→ ACTIVITY:
From the line that contains "Double Earhook Headset" down to the final line below, please repeat each line exactly and nothing more, with no pictures.

====== SOURCE MATERIAL ======

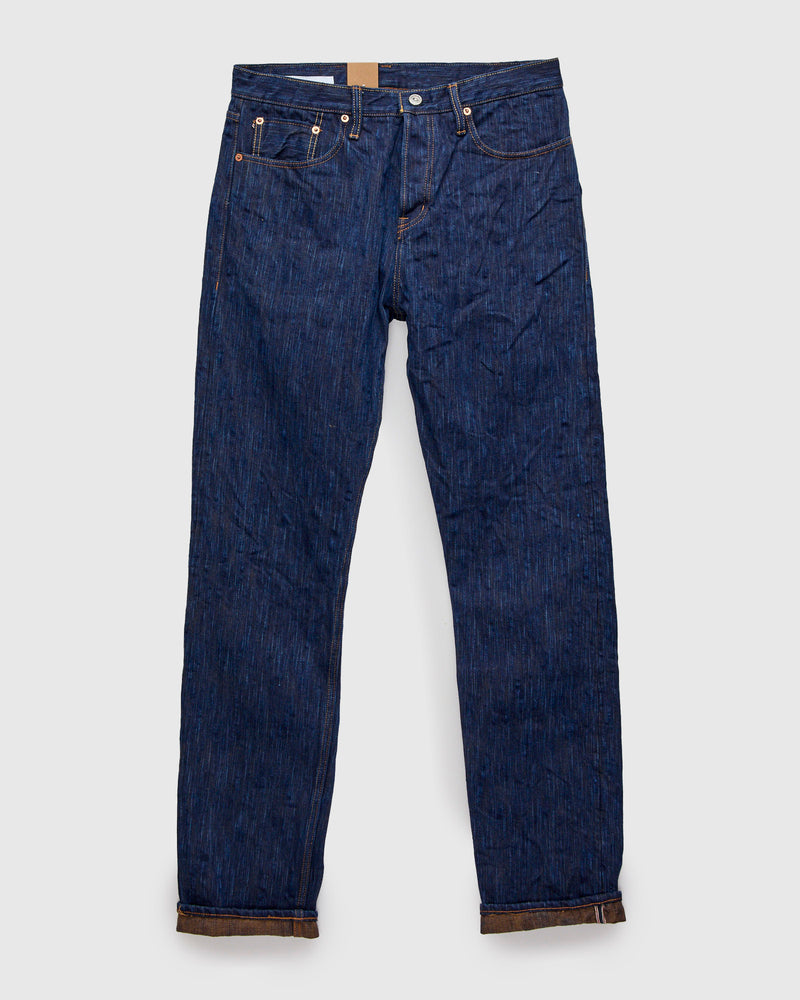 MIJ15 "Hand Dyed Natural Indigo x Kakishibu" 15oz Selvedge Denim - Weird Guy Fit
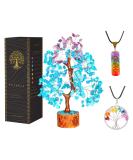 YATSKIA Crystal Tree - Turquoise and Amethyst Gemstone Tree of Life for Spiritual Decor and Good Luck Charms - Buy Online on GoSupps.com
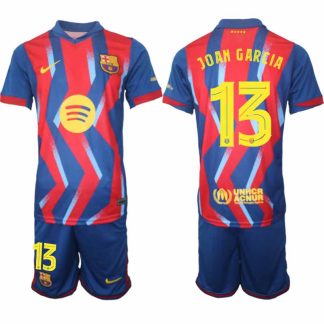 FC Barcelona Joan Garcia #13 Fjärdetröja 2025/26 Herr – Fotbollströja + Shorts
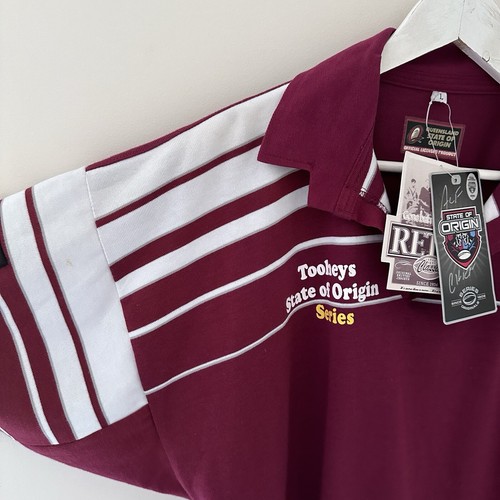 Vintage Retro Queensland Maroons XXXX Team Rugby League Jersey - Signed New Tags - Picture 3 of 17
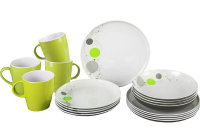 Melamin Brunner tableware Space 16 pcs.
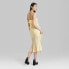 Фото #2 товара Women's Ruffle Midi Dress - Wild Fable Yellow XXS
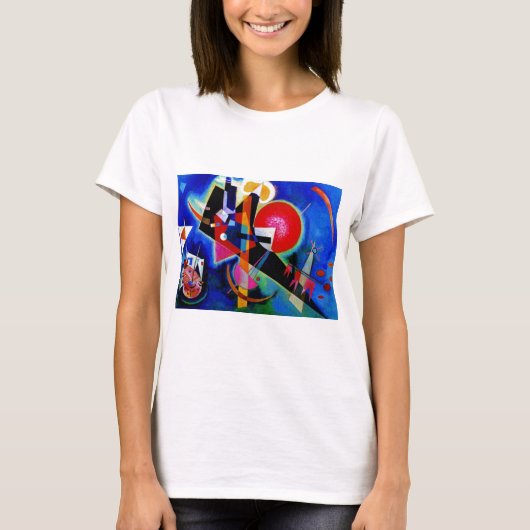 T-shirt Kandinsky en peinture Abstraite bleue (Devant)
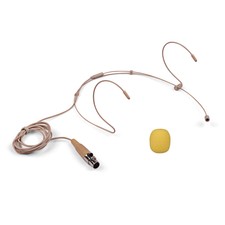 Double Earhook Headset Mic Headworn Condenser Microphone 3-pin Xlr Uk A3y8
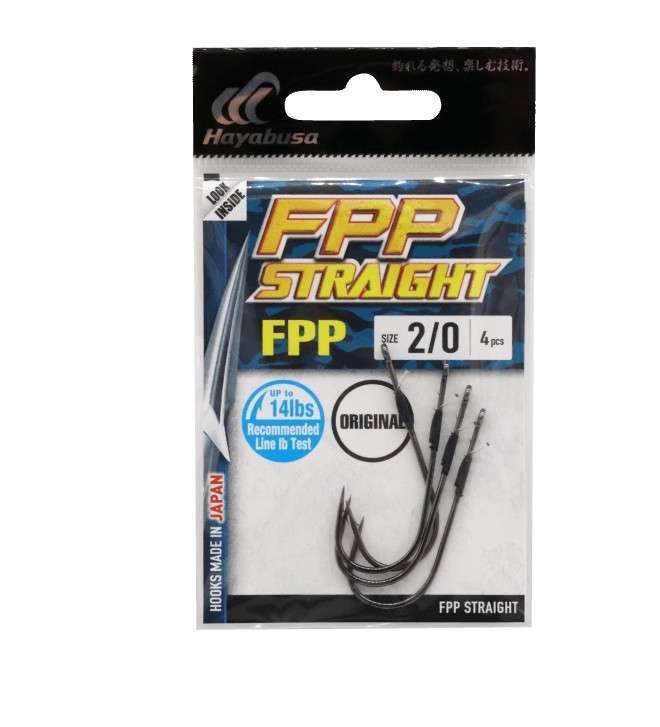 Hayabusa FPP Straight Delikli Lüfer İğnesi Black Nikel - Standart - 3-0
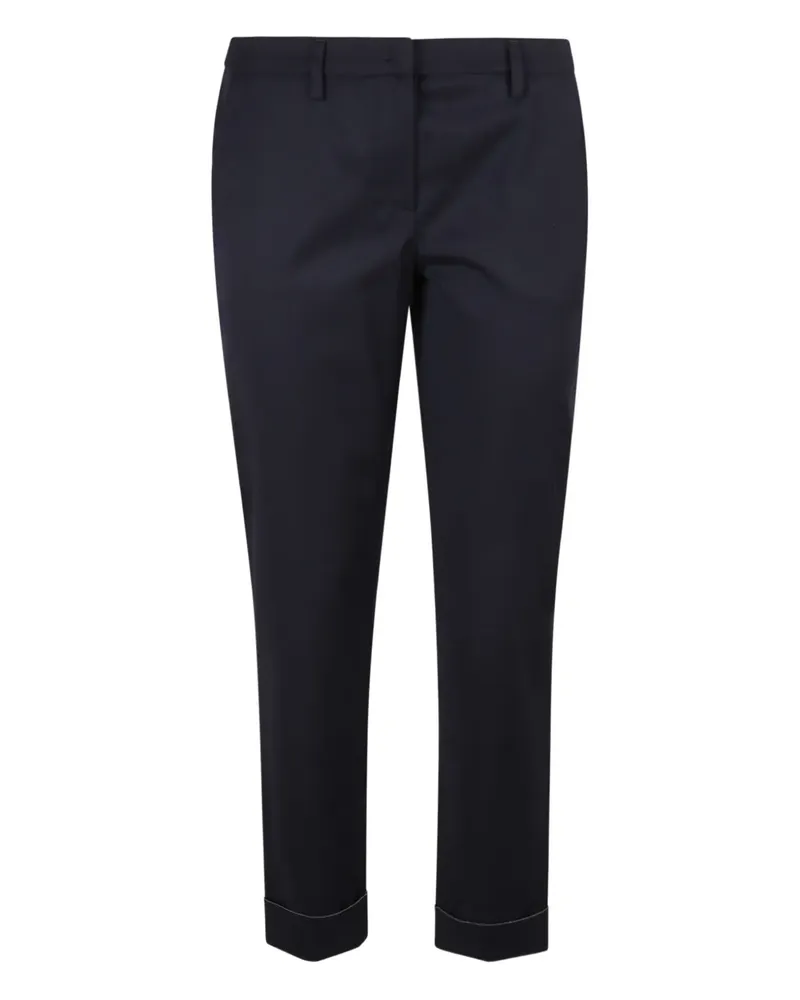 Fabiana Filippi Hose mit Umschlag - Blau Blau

======

→ ANSWER FOR THE TASK:
 Double Earhook Headset Mic Headworn Condenser Microphone 3-pin Xlr Uk A3y8
 Hayabusa FPP Straight Delikli Lüfer İğnesi Black Nikel - Standart - 3-0
 Fabiana Filippi Hose mit Umschlag - Blau Blau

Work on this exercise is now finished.